The ATSB says: “It is now anticipated it may take until around August to complete the 120,000 square kilometres, but this will be influenced by weather conditions over the coming months, which may worsen. More than 105,000 square kilometres of the seafloor have been searched so far. In the event the aircraft is found and accessible, Australia, Malaysia and the People’s Republic of China have agreed to plans for recovery activities, including securing all the evidence necessary for the accident investigation.”

The ATSB statement continues: “Consistent with the undertaking given by the Governments of Australia, Malaysia and the PRC in April last year, 120,000 square kilometres will be thoroughly searched. In the absence of credible new information that leads to the identification of a specific location of the aircraft, Governments have agreed that there will be no further expansion of the search area.”

The investigators have now examined half a dozen pieces of floating wreckage that washed up on beaches, mostly on the shores of islands in the western Indian Ocean or off south-eastern Africa. The have all been determined either to be definitely or almost certainly from the missing Malaysia 777. They include a flaperon, a wing flap section a flap track fairing, a part from a horizontal stabiliser, a piece of engine cowling, and a section of laminate material from the cabin trim of the aircraft.

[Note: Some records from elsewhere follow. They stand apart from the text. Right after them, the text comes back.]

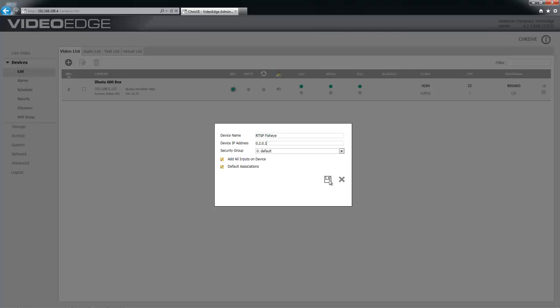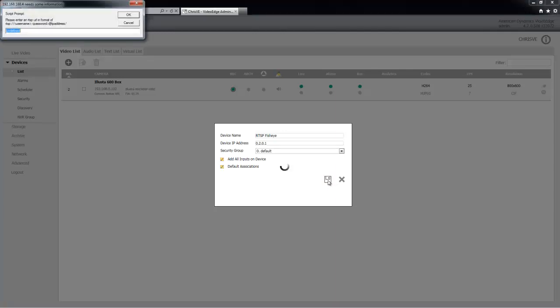I'm going to choose save, and it's going to prompt me in a pop-up for the RTSP stream URL. As I mentioned, if that's a camera, you will be able to find that URL in the camera's user documentation.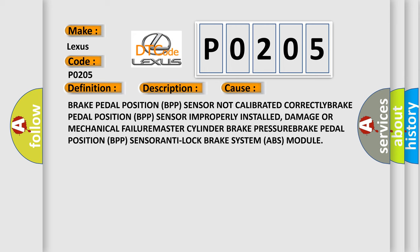Brake pedal position BPP sensor not calibrated correctly, brake pedal position BPP sensor improperly installed, damage or mechanical failure, master cylinder brake pressure, brake pedal position BPP sensor, anti-lock brake system ABS module.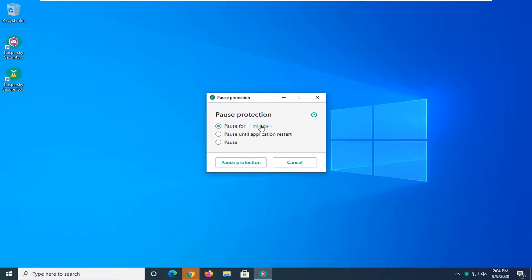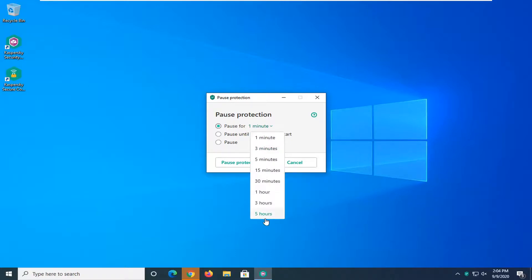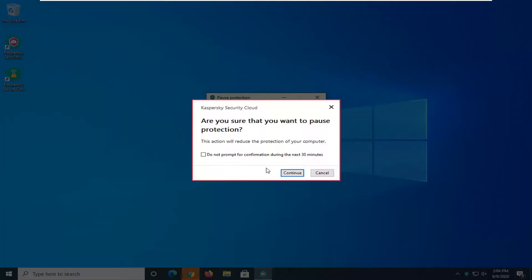Personally I probably just do the first option here so again between one minute and five hours and once you're done with that you just would go ahead and select pause protection.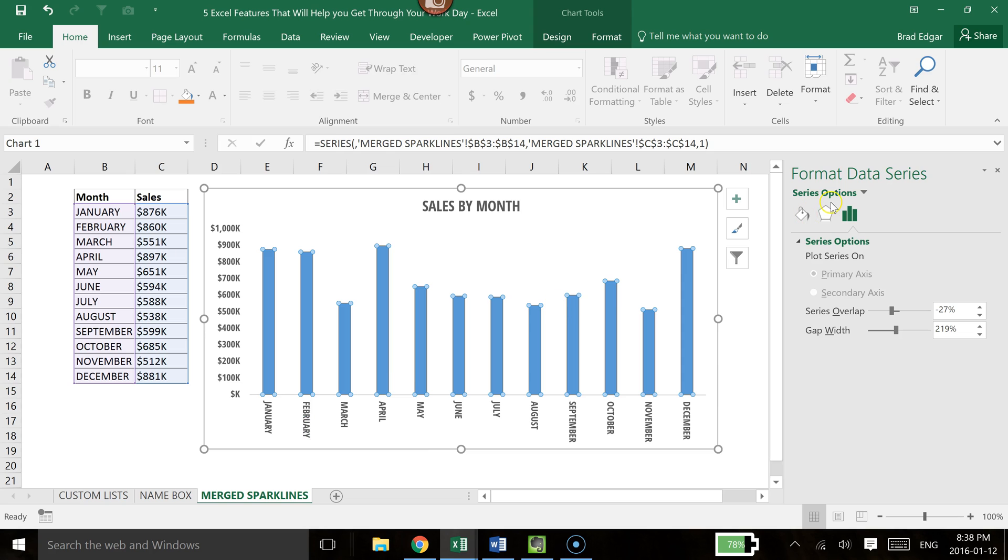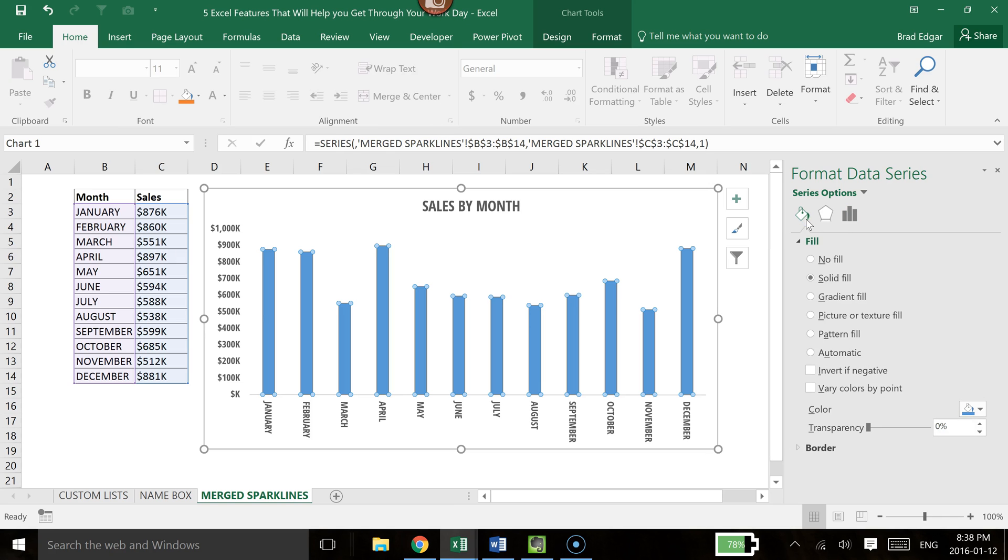Over on the right hand side, you'll see that the Format Data Series screen came up. We'll select the Fill and Lines option over on the left hand side. Under the Fill section, you'll see that it's defaulted to Solid. What we're going to want to select is Picture or Texture Fill.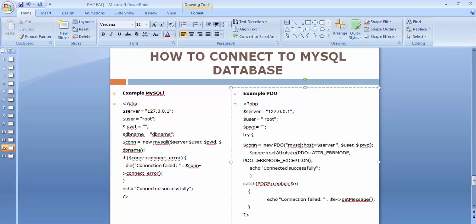To the PDO object, you specify which type of database you're connecting to — here it's MySQL — and the host is localhost or 127.0.0.1. Then specify the user (root) and password. Next, we set attributes: PDO error mode and error mode exception, which are needed for the connection. If the connection is established successfully, we display a success message; otherwise any error is caught in the catch block and displayed to the user with a 'connection failed' message.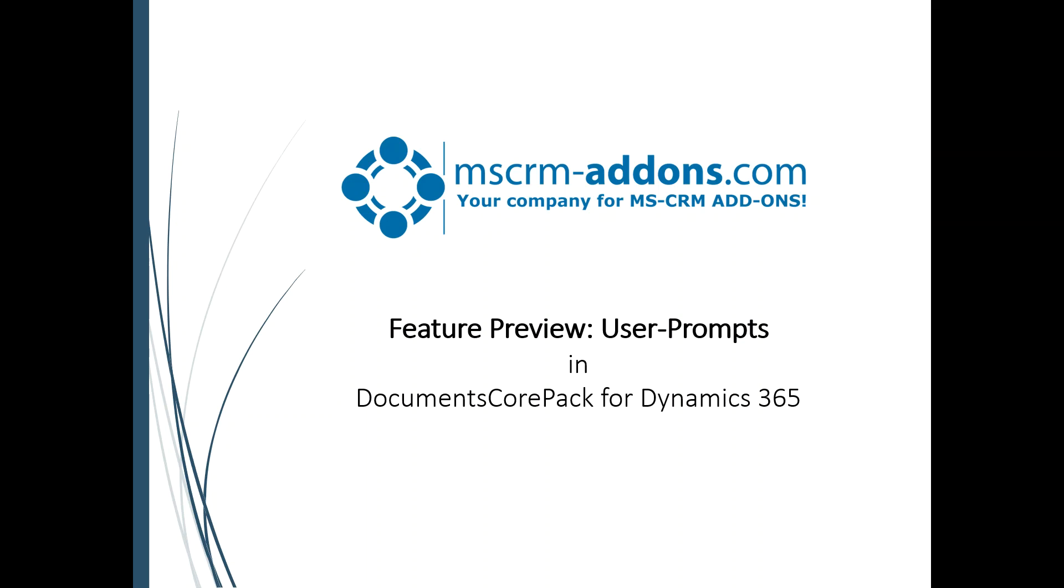Thank you for joining in another MSCRM-Addons.com webinar. Today we're going to be doing something a little bit different than what we normally do. Today we're going to be talking about a feature preview. That feature preview is where we're going to be going over user prompts in DocumentsCorePack for Dynamics 365.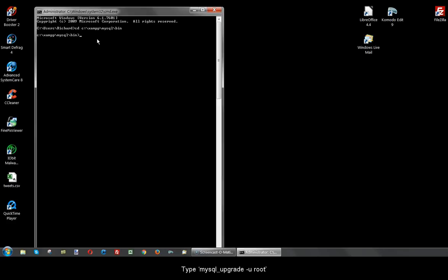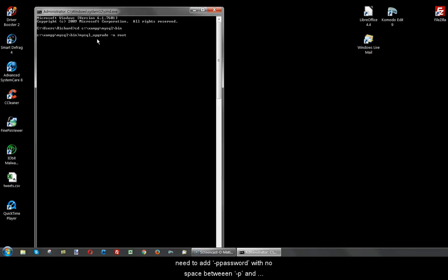Type mysql underscore upgrade space dash u space root. If you've set a password for the MySQL user root, then you will need to add dash p password with no space between dash p and the password itself.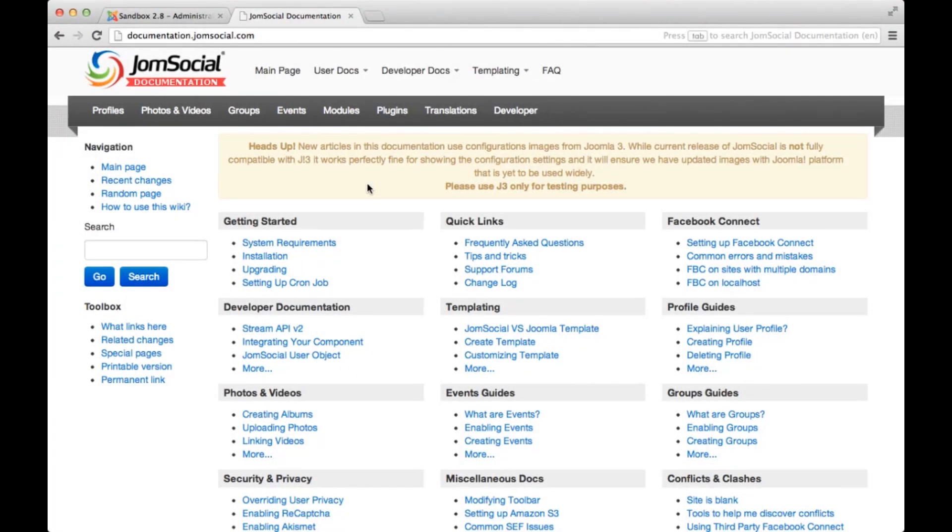Hello, my name is Eric Tracz and welcome to another awesome tutorial video for JomSocial. Today I'll show you its system requirements and how to actually install it on your site. It's pretty simple, so let's get to it.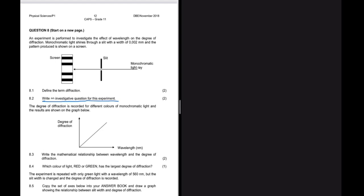Question 8.2 asks for an investigative question for an experiment on the effect of wavelength on the degree of diffraction. The question would be: what is the relationship between wavelength of a light ray and degree of diffraction? Or: how does a change in wavelength affect the degree of diffraction?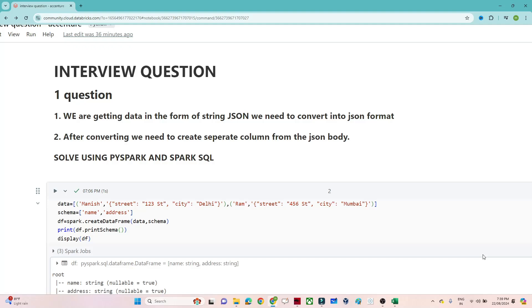Hello everyone. We will continue our PySpark tutorial and in this particular video we are going to solve one of the interview questions which was asked at one of the companies. Let us first understand the question and then we will try to solve it using PySpark and Spark SQL.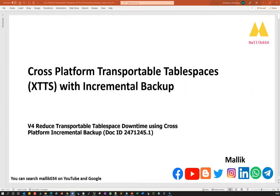Today I'm going to cover a new interesting topic: Cross Platform Migration Tablespace, which we can simply call XTTS with incremental backup. This is going to be a hot topic in the market and many DBAs are very interested, as nowadays many customers are trying to migrate their database from one platform to other platforms, especially from on-premises to cloud — any cloud vendor.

So the aircraft is in the Indian Ocean, but if it is not found in the area where the sparse data the authorities have at their disposal suggest it should be, they have decided that the search will stop there.

La Réunion, that wing flap, and MH370

The wing flap that has drifted ashore in La Réunion on the western side of the Indian Ocean may well have come from the Malaysia Airlines Boeing 777 that flew the ill-fated flight MH370.

But if it really was a part of that aircraft, does it help the search for the main wreckage?

Unfortunately no. It certainly does not mean the wreckage is near La Réunion.

This flap section has been afloat since the aircraft hit the sea on 8 March 2014, a year and four months ago. It has drifted a long way in that time, and tracing it back to its possible origin using a model of the prevailing sea currents and winds would provide such a massive approximation that it would indicate a larger search area than the one the Australian government has already searched, and which it continues to search right now.

The Indian Ocean’s main sea current system flows anti-clockwise, so if the aircraft did indeed crash in the area off the west coast of Australia where the search is taking place, the flap – and possibly other parts – would have been carried north, then westerly, then southerly, which makes La Réunion a plausible location for it to wash up. So the find certainly does not invalidate the present calculations.

Does it tell us anything new about how the aircraft was lost?

Again, unfortunately no. The experts reckon the aircraft had nothing wrong with it, and that it crashed into the sea when it ran out of fuel.

That is because an aircraft that sets off for one destination, makes a U-turn and then flies successfully for hours in the wrong direction while it could be seen on radar, and probably many more hours when it could no longer be seen, had nothing structurally wrong with it.

The favourite explanation from all the major players in the industry is that the disappearance of MH370 was a deliberate act by someone in control of the aircraft. In the light of the Germanwings crash earlier this year, deliberately carried out by the unbalanced copilot, that explanation now has additional credibility with the public.

If the flap is indeed from MH370, the discovery finally lays to rest two theories: sadly but inevitably, those who lost relatives on the flight and were still hoping that the aircraft had safely landed in a remote place, will now be confronted with the reality that the aircraft broke up, probably on impact with the sea; and finally those conspiracy theorists who reckon the CIA hijacked it to Diego Garcia – or anywhere else – are going to have to search their imaginations for an alternative explanation.